(The input):
- - - - - - -

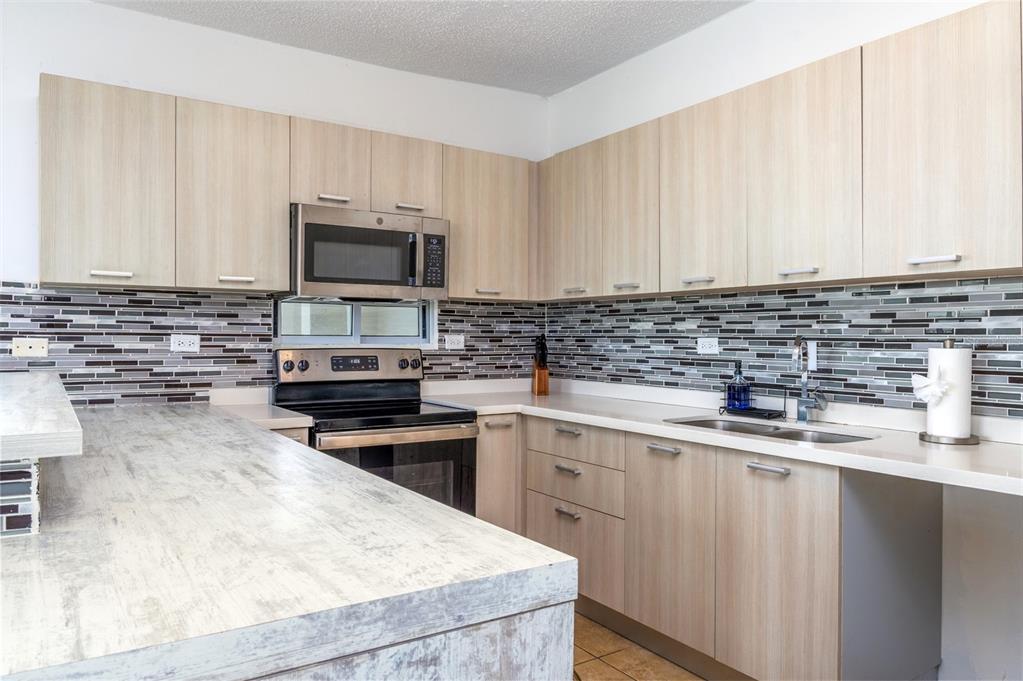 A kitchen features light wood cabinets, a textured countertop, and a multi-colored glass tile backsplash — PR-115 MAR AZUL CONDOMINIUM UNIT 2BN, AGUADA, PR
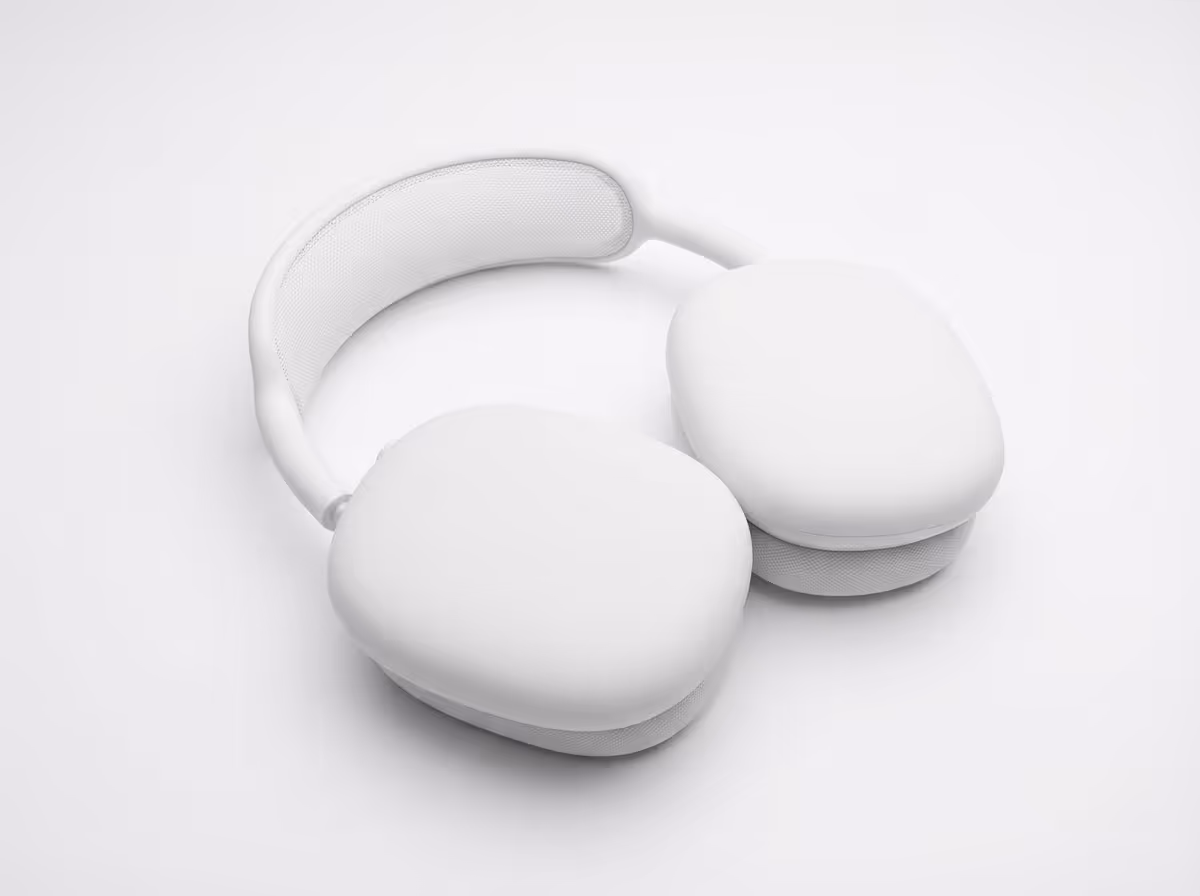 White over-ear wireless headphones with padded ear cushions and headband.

- - - - - - -

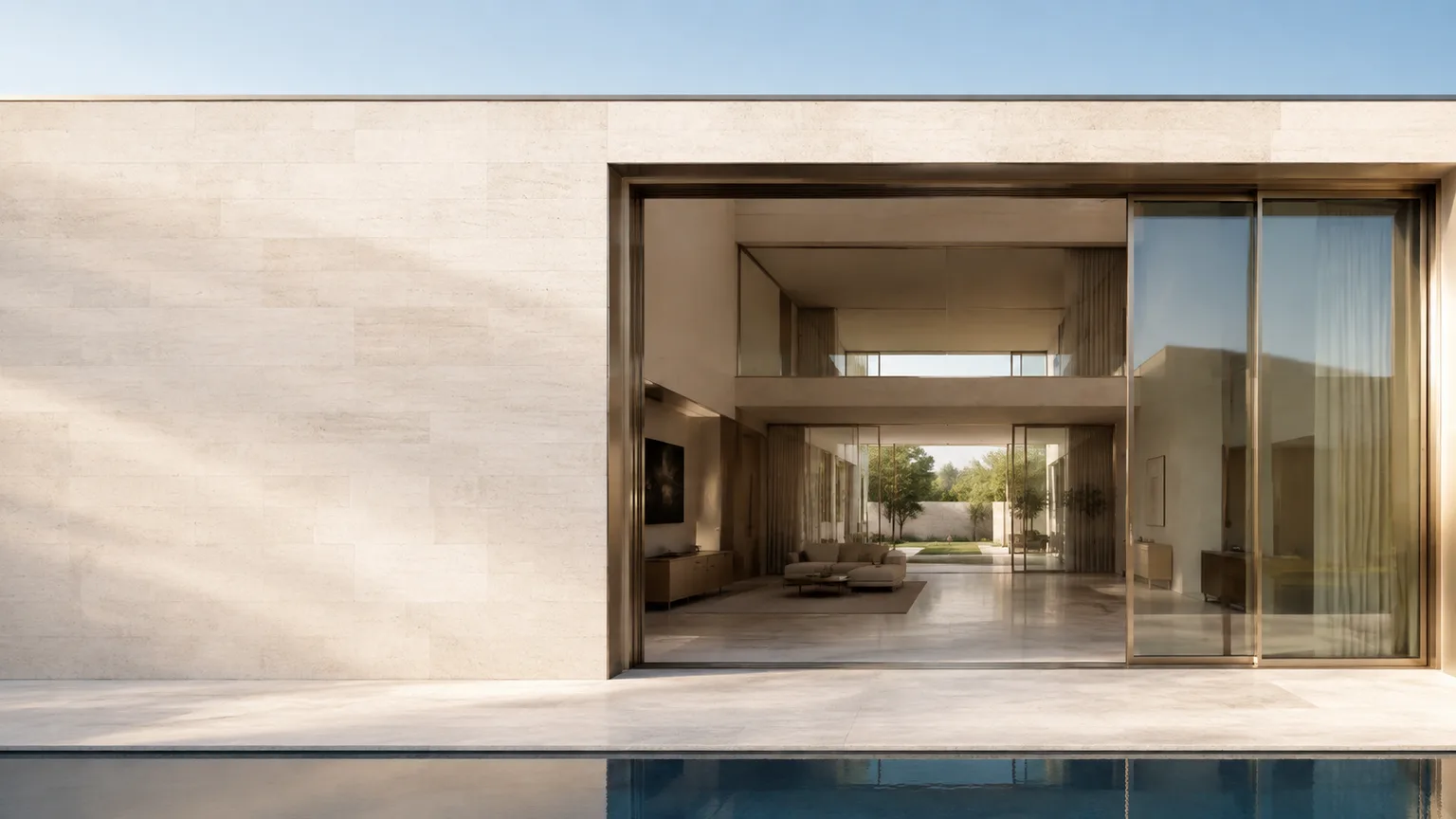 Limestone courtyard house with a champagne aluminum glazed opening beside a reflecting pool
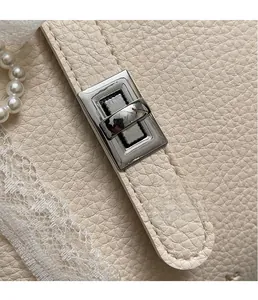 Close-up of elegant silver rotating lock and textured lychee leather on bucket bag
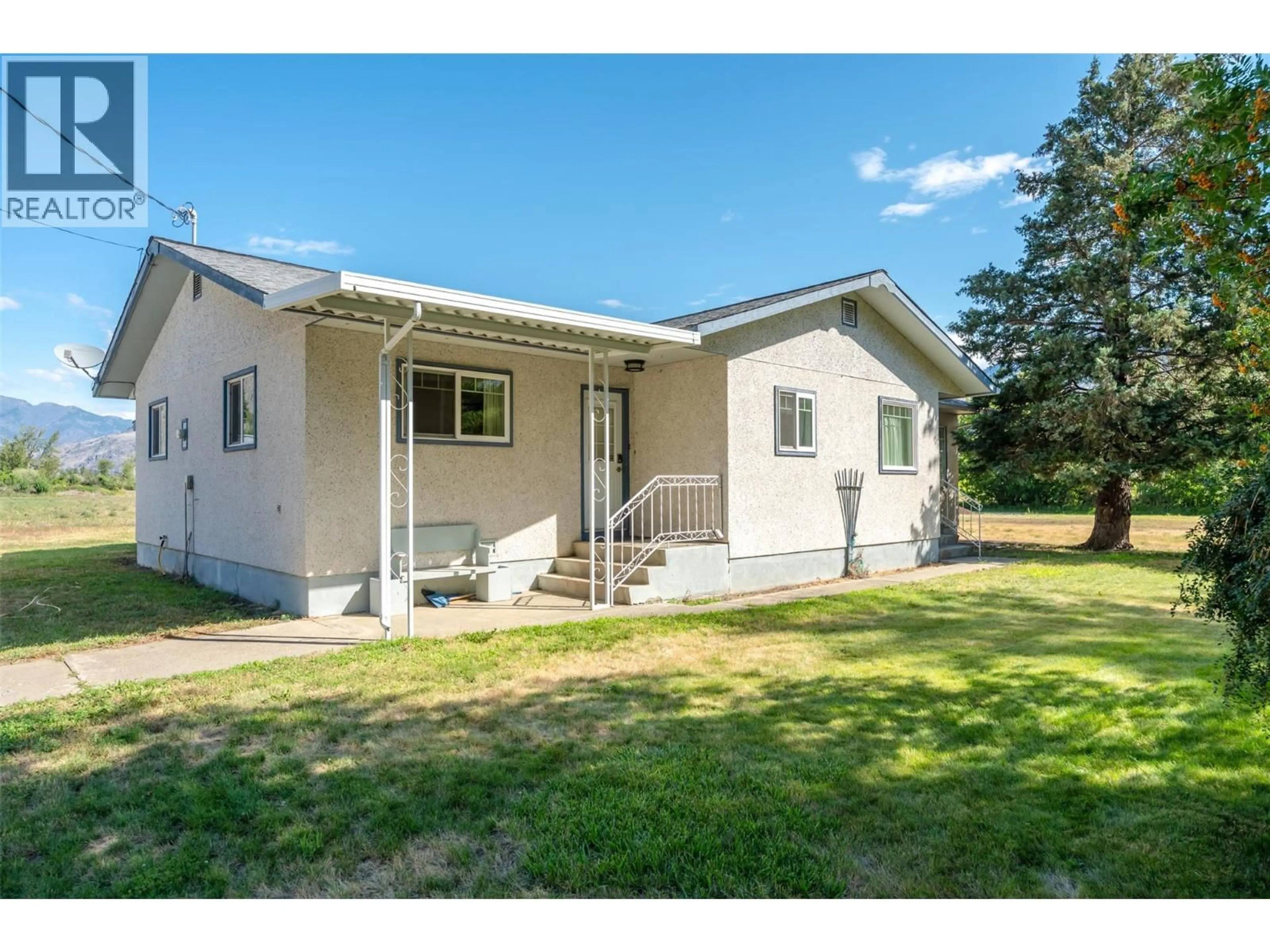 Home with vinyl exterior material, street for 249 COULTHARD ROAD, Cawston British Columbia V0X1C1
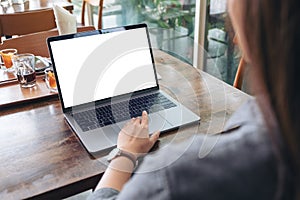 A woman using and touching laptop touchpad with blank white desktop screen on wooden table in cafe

- - - - - - -

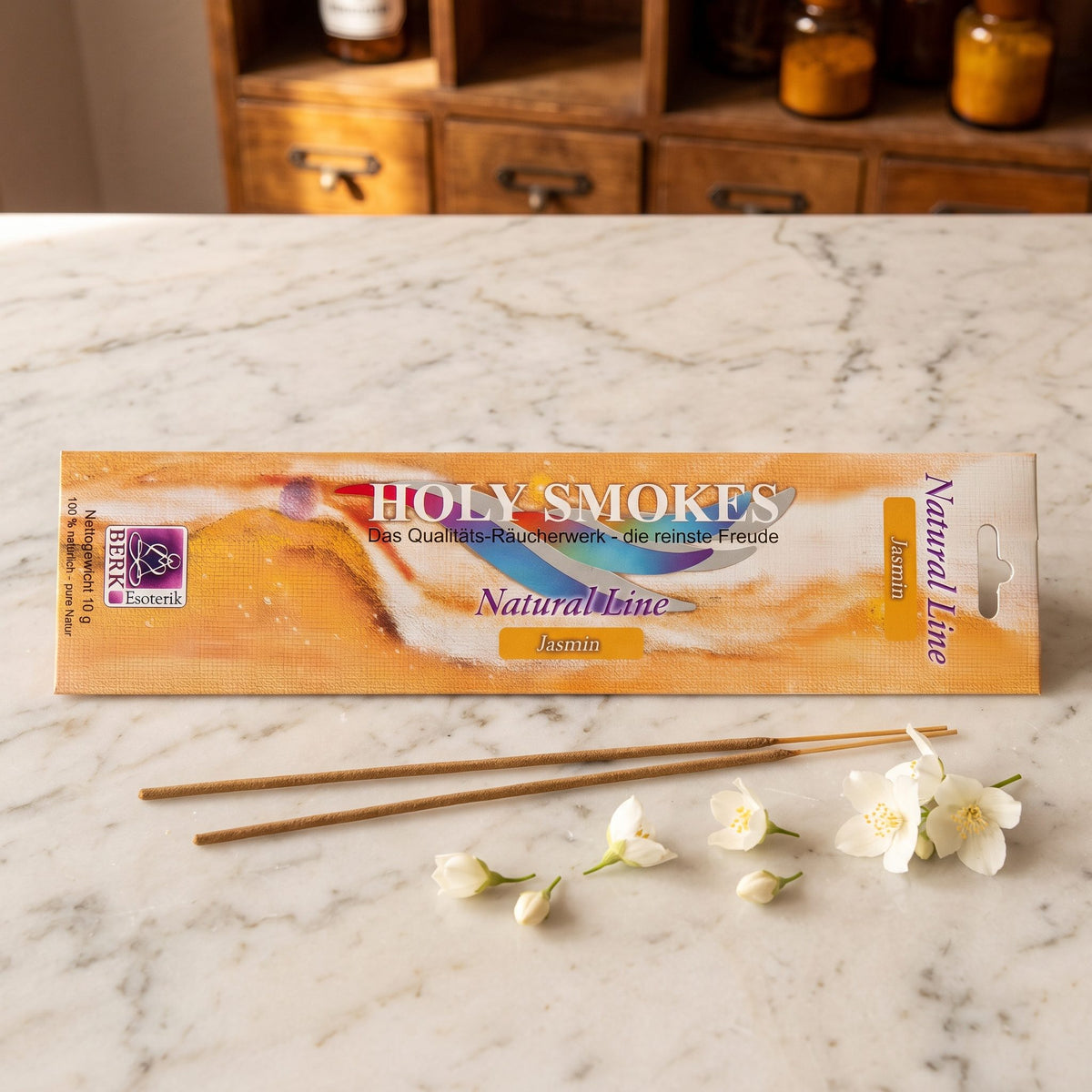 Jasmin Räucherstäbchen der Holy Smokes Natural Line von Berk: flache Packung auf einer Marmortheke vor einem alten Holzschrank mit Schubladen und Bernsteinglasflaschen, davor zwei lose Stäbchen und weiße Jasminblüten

- - - - - - -

(Assignment): An exact transcription is needed of the lines from the one with "A kitchen features" to the one with "White over-ear wireless" above, both ends included, with pictures left out.

(Exercise result):
 A kitchen features light wood cabinets, a textured countertop, and a multi-colored glass tile backsplash — PR-115 MAR AZUL CONDOMINIUM UNIT 2BN, AGUADA, PR
 White over-ear wireless headphones with padded ear cushions and headband.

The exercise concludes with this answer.